It might be worth phoning the school or the LEA to find out where, in practice, the catchment area for each school finished last year, to work out whether you have a chance. The catchment areas change each year according to the number of applicants and no. of siblings, but it should give you an idea of whether you're in with a chance.
thank you frogs for this. i must admit, i think that the schools round here do have to go by these selction critera first and foremost, i guess i was thinking that if they have say 40% of their space dedicated to those that don't belong to any of the criteria, would those few sentences make a big difference. v diff to know also if they are looking for a certain kind of family....
Be honest - why are you choosing this school? Put those reasons.
I would be tempted to say that the school comes highly recommended by friends, that you think it would be the best suited for your child because of the school's high achievement in (whatever the school excels at art, music etc.)
I put something like, 'I would like my son to attend this school as it has an excellent reputation and the location of the school would enable him to walk to school, eventually unaccompanied, which would increase his independence'.
I understood that space was to say something about the child's special needs. If your ds doesn't have special needs or siblings at the school there is not much point writing anything. The stated criteria apply to 100% of the children - everyone lives some distance from the school IYSWIM.
sparks, there is another box on the form for special needs. yes i see what you mean, tho i don't see what harm it can do emphasising you are particularly keen on one school (?)
Madgirl I think you should phone the LEA to check, but i would think that the admission criteria woulds be as Frogs said, unless they are church schools. Other London boroughs I know only consider siblings, SEN and distance and I dont *think* Wandsworth is different.
right you are, think i will just say i am keen for ds to go to x school because i have have friends with kids there and they have highly recommended it, i will also say i am keen for us to be able to walk to school. thanks all.
In my London Borough the criteria is exactly as frogs says and its very strict. I cant find the guidance booklet at the moment, but I'm fairly sure it said something along the lines of don't bother trying to tell us how wonderful your child is etc etc - the criteria is the criteria and thats it.
Do as others suggest and contact the LEA. Ours uses a specific mapping system which can be checked out on the internet so you can see where you are in relation to the catchment areas.
If you do want to add something to the form, focus on the criteria, so if where you want to go is the closest and you are in its catchment area, then say so.
We are very close to the "top" primary school in our borough - next door is in its catchment area, but we are not. The pressure for places is enormous and we were really panicking when we realised we had no chance of getting our two in.
However, a much closer school which at first I thought was a real "second best" is I think, just as good. I did my homework and found out that since its last OFSTED report in 2000 (which wasnt bad, but nothing like the "supa dupa" school) it has dramatically improved, has a new Head and the SAME KS2 SAT results as supa dupa school last year. Its also an all round warmer, friendlier, more culturally diverse place than the one we were originally desperate to get into.
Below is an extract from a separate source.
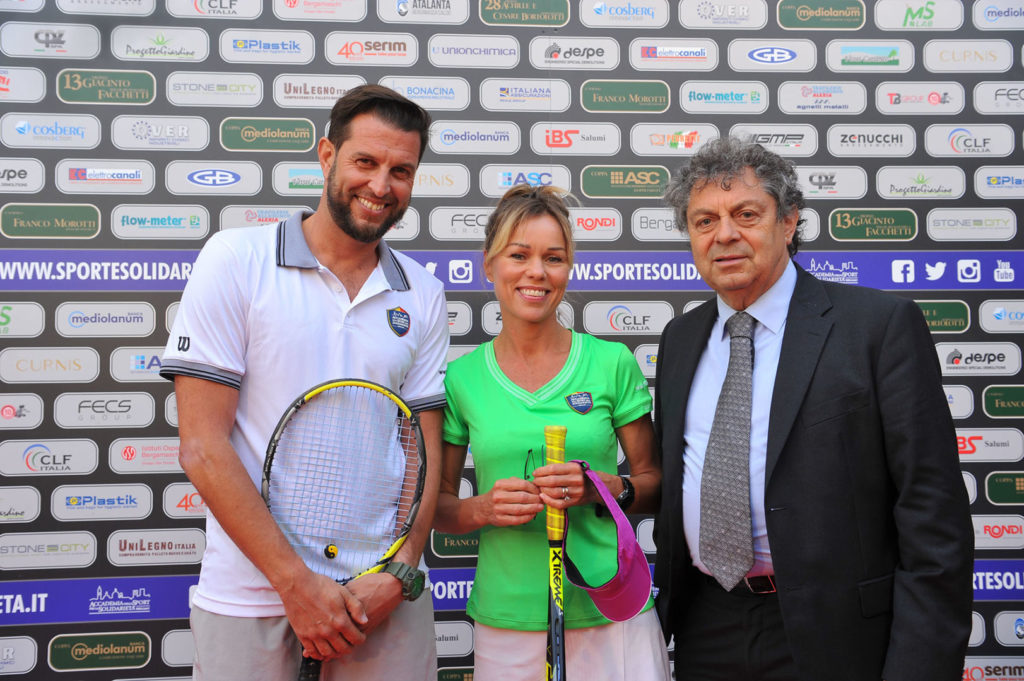 Magrin: “Gasperini è il nostro Ferguson. Nei suoi panni io avrei firmato per altri cinque anni”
Found out today that ds1 has been offered a nursery place there for Sept and I am thrilled to bits and his chances of getting a reception place are miles better.
I suppose what I am trying to say is that all is not as it seems when looking at potential schools.
Thanks for that twogorgeousboys. I've checked the catchment areas- there are 3 schools which look really quite good; the first we are in the catchment area for, so will emphasize this on the form, the second we are close to but not in the catchment area for, so i shall emphasise proximity and what great reports i have had of it, the third has now catchment area so will just chance our luck.
Sounds like your form isn't quite the same as the one I filled in. I didn't mean there was any harm in writing something in that space, just that it wouldn't make any difference.
I have a friend who is a teacher and she says for her school in another London borough they literally sit down with a map, measure how far the kids live from the school and rank them closest to furthest.
I agree with twogorgeousboys that all is not what it seems. Do go and visit the schools, if you can, before making a final decision. What I like most about my dd's school (she's in reception now) is the friendly and respectful atmosphere.